OSHKOSH, Wis. (AP) — As one of the 10 female welding students in a program with 124 males, Amber Kraemer can tell you a thing or two about perseverance.
She initially pursued a degree from Fox Valley Technical College in the field, which increasingly relies on robotics, programming and mathematics, because of its positive career prospects and what she sees as an appealing marriage of science and art.
“It’s intimidating (stepping into a male dominated field), but it also gives me something to prove that I can do it,” Kraemer, 32, told the Oshkosh Northwestern. “It’s motivation to do better, and most of the time I can probably weld better than the men anyway.”
Today, there are more women like Kramer than ever crossing traditional gender lines and pursuing science, technology, engineering and math-related degrees.
More than 1,000 women, or roughly one in 15 female students at the University of Wisconsin-Oshkosh and FVTC combined, were pursuing STEM-related degrees during the 2011-12 school year, data provided by the institutions shows. That’s a 56 percent increase from four years earlier. Total female enrollment during that time grew 23 percent.
University and college officials credit the growing interest in STEM studies to outreach efforts aimed at high school and middle school girls as well as state and national attention on those career fields.
“Women are more likely to think about science if their parents encourage them and their high school teachers encourage them. That will get them to sign up for a class their freshman year (of college),” said Jennifer Mihalick, a UWO chemistry professor and director of Women in Science, a UW System-wide program aimed at attracting and retaining female science students.
High school programs, such as the Wave Robotics club, which builds robots for state and national competitions, also go a long way to bring girls through the door of a STEM-based classroom, Mihalick said.
At FVTC, instructors have been bringing their students into area high schools to meet with teens for career exploration sessions. They also run a girls-only summer camp called Girl Tech, said Anne Haberkorn, dean of information technology, a corner of the technical college that has seen particularly high growth in female enrollment.
The number of women pursuing IT degrees at FVTC spiked 47 percent between the 2008-09 and 2010-11 school years, enrollment data shows. The key to recruiting girls has been breaking down stereotypes surrounding certain disciplines and showing girls a different side to science and technology.
“We (girls) view IT and other STEM fields differently. It’s not about gadgets for us but helping people and helping them accomplish their goals. That’s something girls and women seem to relate to,” Haberkorn said.
Newly emerging fields with heavy emphasis on design, such as mobile app development, also seem to appeal more to women.

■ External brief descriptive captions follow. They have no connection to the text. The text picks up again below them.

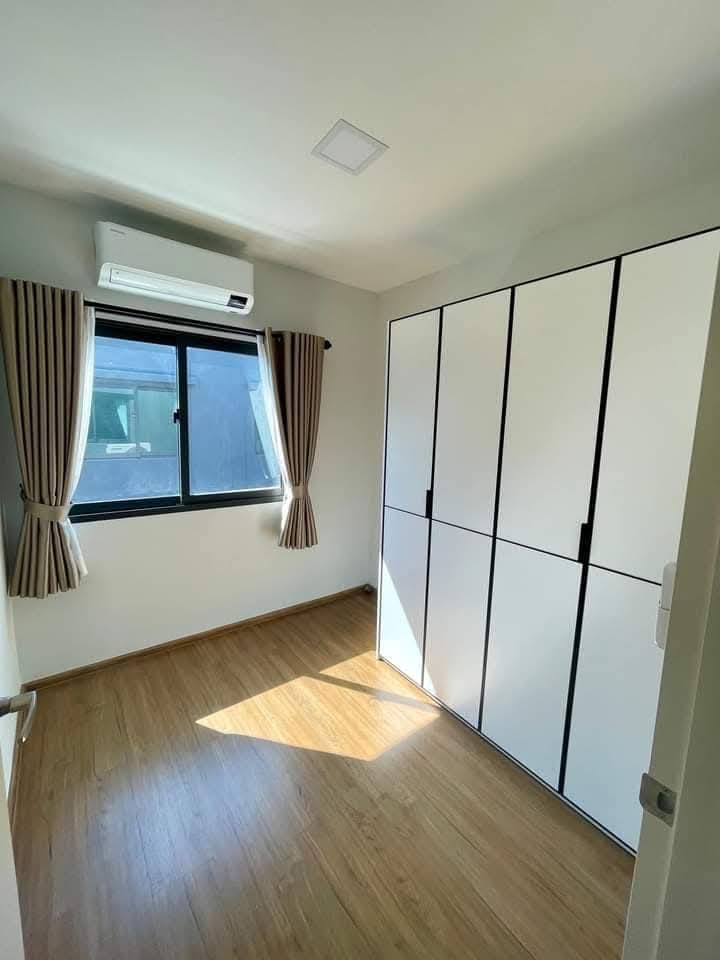 ให้เช่าทาวน์โฮม Pleno Sukhumvit-Bangna 2 (พลีโน่ สุขุมวิท-บางนา 2) โซนพื้นที่ ห้างเมกาบางนา (อีเกีย) 3 ห้องนอน 2 ห้องน้ำ 1 ห้องครัว จอดรถได้ 2 คัน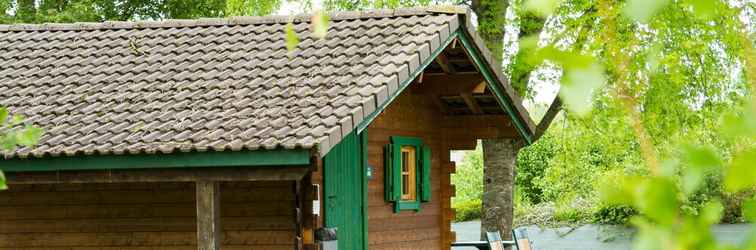 Bangunan Chalets Etape du Camping Le Bivouac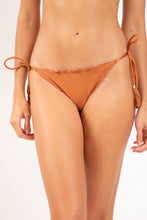 Laden Sie das Bild in den Galerie-Viewer, Gallery: Rio De Sol Bas Bottom Shimmer-Nocciola Frufru
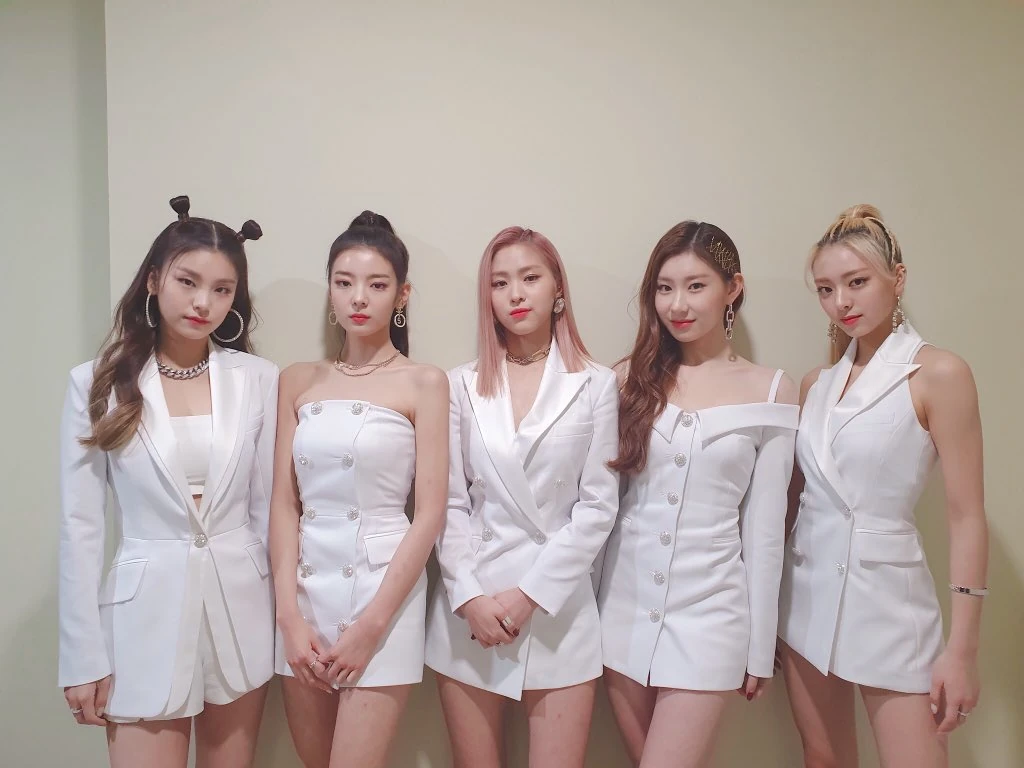 ITZY/SNS/2019 | ITZY Wiki | Fandom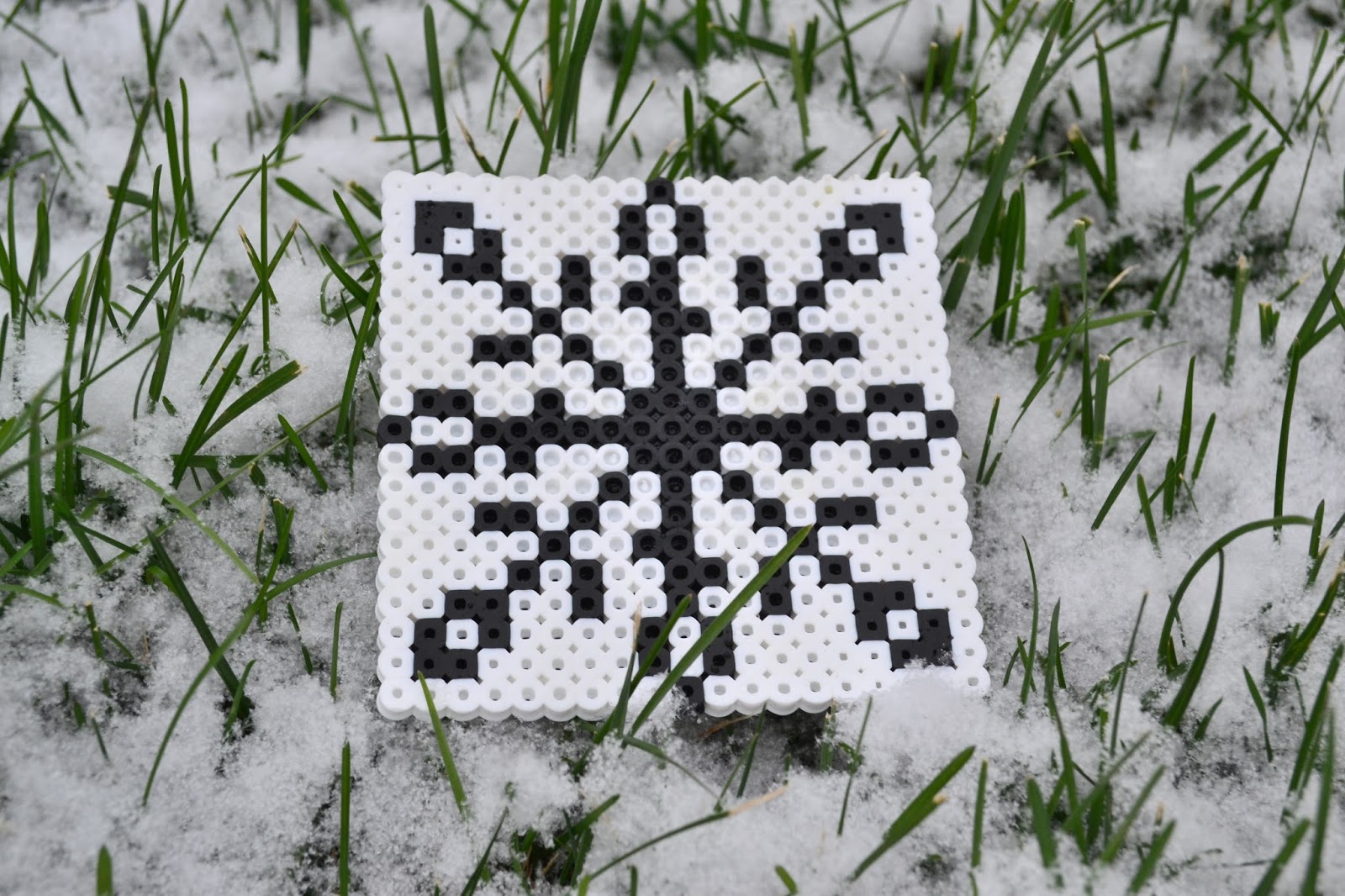 Perler Bead Snowflake  FREE Snowflake Perler Bead Patterns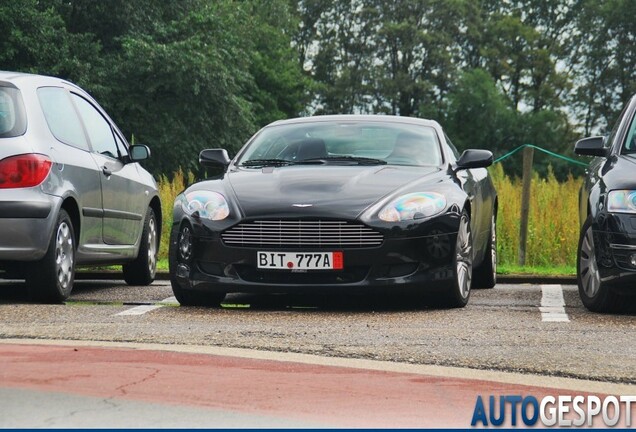 Aston Martin DB9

Women made up 42 percent of the students studying Web development and design at FVTC in 2011-12 compared to 21 percent four years earlier.
Kelsey Paltzer, 20, a junior chemistry major at UWO, said too many girls never give the sciences a chance because of a perception they need to be at the top of their class to participate.
“I feel like all too many females put themselves down. In high school, you think of chemistry as a hard subject or harder than the usual fields girls go into.. But, if you put effort into it, it’s actually very interesting,” Paltzer said.
Mihalick said a large part of her Women in Science program aims to make girls feel more comfortable with science regardless of their skill level. Those same efforts, she said, will also help all students.
“It’s been found that things professors can change in their classrooms to make women feel more comfortable, feel more valued and belonging, will also help everyone else in the classroom,” Mihalick said.